The current disarray in the Republican Party –some of it natural to the primary process, some of it sidetracked by side shows – does not bode well for the election or the country. The media will protect Hillary like an etrog, even in the unlikely event that she is indicted. They have that much invested in her election.

But not as much as Hillary and her donors have invested. And there is nothing hilarious about that.

 

The Birth of a Religion

Last Thursday night, a Philadelphia police officer was shot in cold blood and wounded by a man in Muslim garb, shouting Islamic slogans, and purporting to act in the name of ISIS. Jim Kenney, the Mayor of Philadelphia, was quick to shoot down the assailant’s own stated motive: “In no way shape or form does anyone in this room believe that Islam or the teaching of Islam has anything to do with what you’ve seen on the screen. It is abhorrent. It is terrible and it does not represent the religion or any of its teachings. This is a criminal with a stolen gun who tried to kill one of our officers. It has nothing to do with being a Muslim or following the Islamic faith.”
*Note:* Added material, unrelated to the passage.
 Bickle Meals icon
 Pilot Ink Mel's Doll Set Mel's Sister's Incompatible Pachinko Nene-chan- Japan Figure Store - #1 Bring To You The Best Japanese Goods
This follows the playbook crafted for many years by President Obama, who resolutely rejects the notion that there is such a thing as “Islamic terror,” “Islamist terror,” “radical Islamic terror,” or any and all associations between terror and any Muslim. ISIS “has nothing to do with Islam;” that is to say, Islamic State is not Islamic and also is not a State. Its entire name is a lie! Leaving aside the question who is Obama to decree what is or isn’t Islamic (how can he speak in the name of Islam when he denies being a Muslim?), his renunciations would be more credible if they were applied universally to other groups.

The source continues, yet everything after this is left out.